A motorist is travelling down a freeway with windows open. A wasp flies in and in a panic stings the driver. The driver is severely distracted and winds up striking and killing a motorcyclist. Did the motorcyclist die due to motorcycling? Traffic accident? Wasp sting? Or by unemployment because he lost his job a few hours earlier? Maybe he wouldn't have been there at all had he instead been at his job.
Lenard Segnitz Assuming there are the same number of motorists who die the same way every year, that is accounted for by subtracting the previous years' death toll. There are more sophisticated ways of doing it, but that's not a bad one
@@eoghan.5003 And even if those newly unemployed would not die quickly, one can assume year or two is shaved off their life expectancy.
It would be nice if you could add your research in the description in your future videos :).
Assuming that since the unemployment isn't "as structural" in the case of COVID, and therefore should lead to as many deaths is faulty. Because on top of not having a job, most people (if they follow the rules in the many places) can't go to church, social groups, or even see their family. But they can still go to casinos, and liquor stores, which makes everything way way worse.
You know if the United States had a guaranteed coverage healthcare system and better unemployment benefits then these affects can be pretty much eliminated. When trump says “more people are dying from suicide than from the coronavirus“ well if that’s so then those deaths are also preventable because if these people have access to mental health services, healthcare, and unemployment benefits, then their needs are met and their life doesn’t change much. And in the end it’s not really that we’re talking about unemployment being the cause of death for these people, but really it’s a lack of money to meet their basic needs, be it healthcare, housing, food, etc.

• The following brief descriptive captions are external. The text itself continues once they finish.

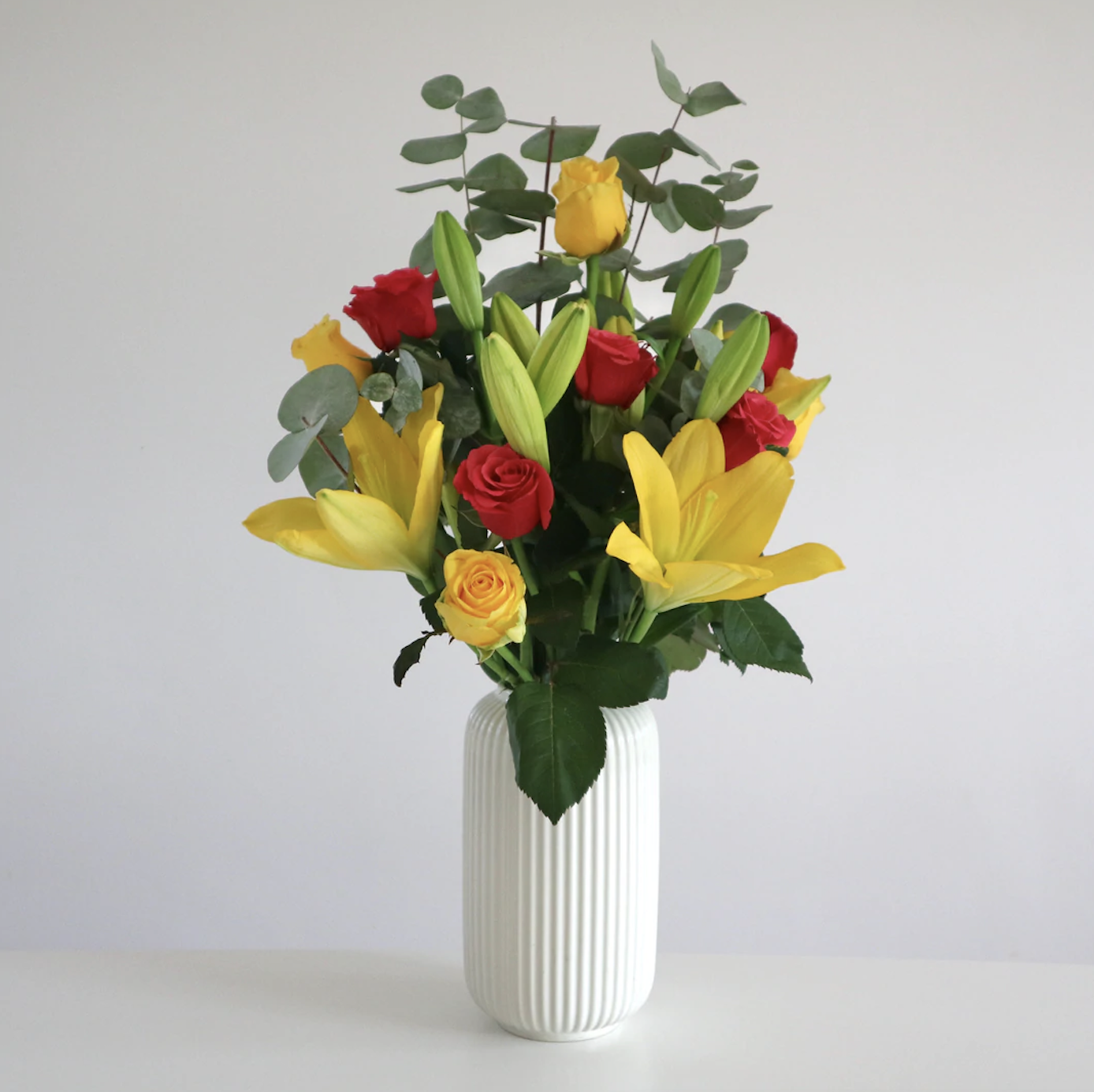 A beautiful arrangement of yellow lilies, red and yellow roses and mixed foliage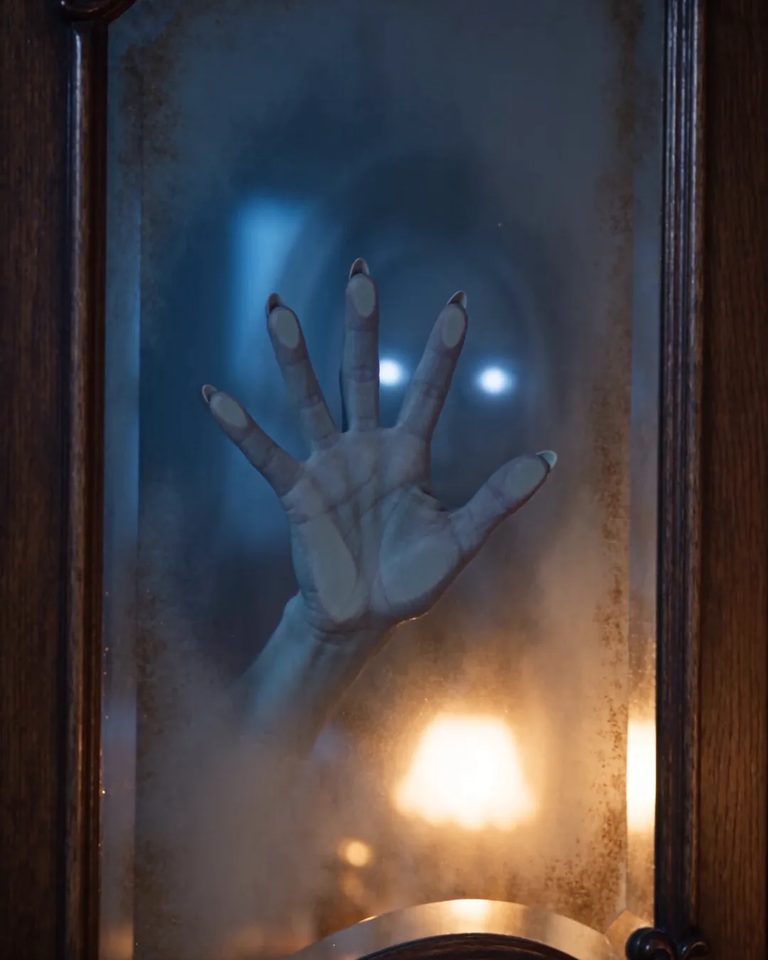 A ghostly hand pressed against the glass of a wardrobe door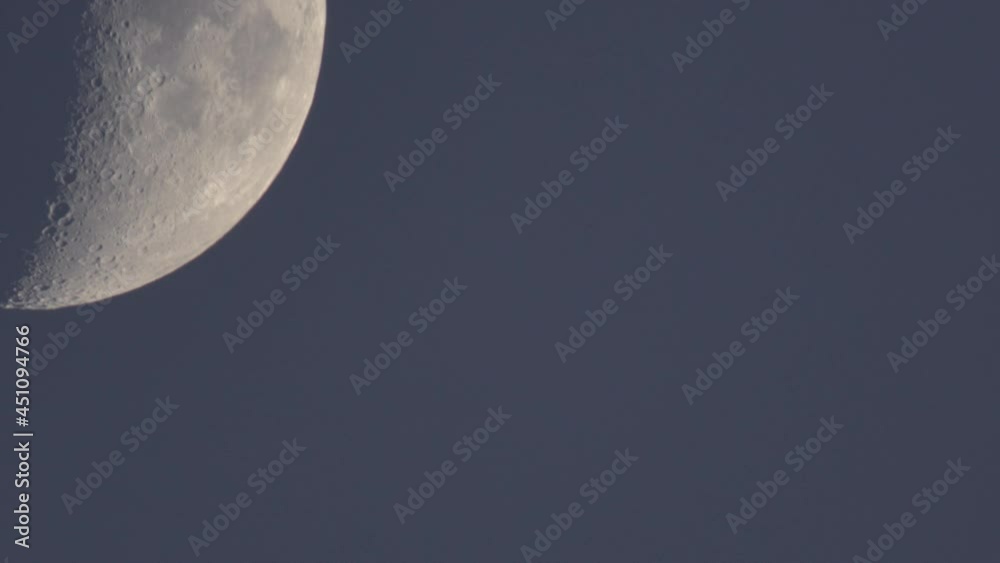 Half moon moving on dark blue dusk sky dome in the perigeum just after sun set. Half moon moving on dark blue dusk sky dome in the perigeum just after sun set.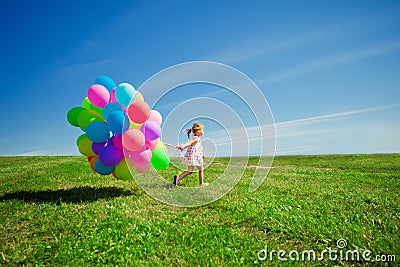 Little girl holding colorful balloons. Child playing on a green Stock Photo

Keeping universal benefits to a minimum here in the US keeps people quiet. Shut up and go to work or risk losing everything. The French yellow vest thing doesn't happen here for that reason. It stops being effective when there isn't work to be had (see COVID and "George Floyd" protests).
The healthcare thing might be relevant but the unemployment is NOT a factor in the U.S. Until the end of July all people receiving unemployment in the U.S. were getting an extra $600 a week on top of what the state they should already be getting. I collected twice as much on unemployment as I got when I was working. I got a new job at the end of July and now that Trump has instituted a $400 unemployment boost (assuming it actually goes into effect) I wish I hadn't. Even though my new employer has a "mandatory overtime" policy (crazy busy online retailer) I still make considerably less working 45 hours a week than the government would be paying me to stay home. The current system is INCENTIVIZING high unemployment.
@@darthhodges If I had a job that paid that badly and was receiving good unemployment, I'd keep my mouth shut. I couldn't pay my mortgage on this unemployment scheme. Fortunately, I work in pharmaceuticals, and an epidemic just means more product to push.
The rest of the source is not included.